Les causes de ce phénomène sont inscrites dans la similitude des structures économiques par-delà les options politiques: l’économie maghrébine reste «extravertie» et fondée sur des produits primaires. Certes, depuis une décennie, on assiste à une certaine croissance des chiffres du secteur industriel. Mais c’est dans des secteurs de sous-traitance (textiles au Maroc et en Tunisie) dont on sait la dépendance vis-à-vis du marché mondial, et dans les industries extractives. En effet, contrairement à l’assertion coloniale, le Maghreb n’est pas un pays agricole; bien plus la dépendance agro-alimentaire, qui ne fait que s’aggraver, est sans doute le problème le plus dramatiquement insoluble pour l’avenir. Dans les cinq pays, l’activité économique est presque entièrement liée aux matières premières et à leur exportation: hydrocarbures et phosphates.

L’exportation des produits primaires représentait dans les années quatre-vingt 66 p. 100 (Tunisie), 76 p. 100 (Maroc) et même 99 p. 100 (Algérie et Libye) des exportations.

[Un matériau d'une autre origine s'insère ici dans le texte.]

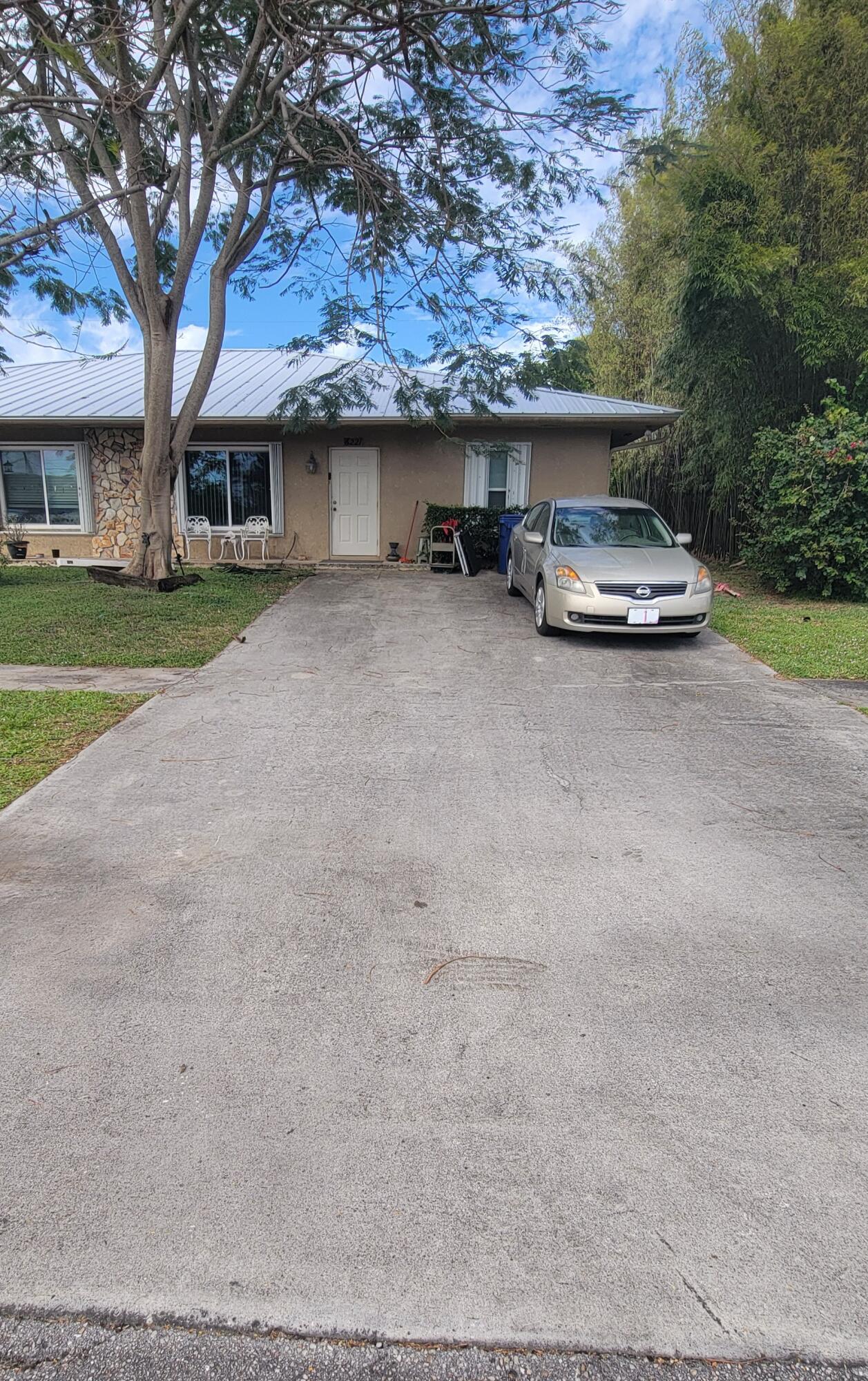 6221 Allen Street Jupiter, FL 33458 - Photo 2 of 2 a car parked in front of house with a yard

Or dans le même temps les importations de produits alimentaires pèsent pour environ 20 p. 100 dans la balance commerciale de chacun des États.

Ce phénomène entretient la dépendance vis-à-vis de l’extérieur. Mais celle-ci est encore aggravée par le retard (et les échecs) des politiques d’industrialisation concurrentielle qui ont été mises au point en Algérie surtout, au Maroc et à un moindre titre en Tunisie: l’asymétrie des échanges, perçue à travers leur répartition géographique, combinée à la forte concentration des exportations par produits, constitue l’élément le plus révélateur de la vulnérabilité des économies maghrébines. Mais si les différents efforts entrepris par chacun des pays pour renverser la situation de dépendance n’ont pas fourni de résultats tangibles, c’est sans doute parce qu’un nationalisme autocrate et la volonté de dominer impliquaient l’absence de concertation, cela en vue de la domination: était-il vraiment nécessaire, par exemple, d’installer de gros ensembles d’aciéries dans les trois pays?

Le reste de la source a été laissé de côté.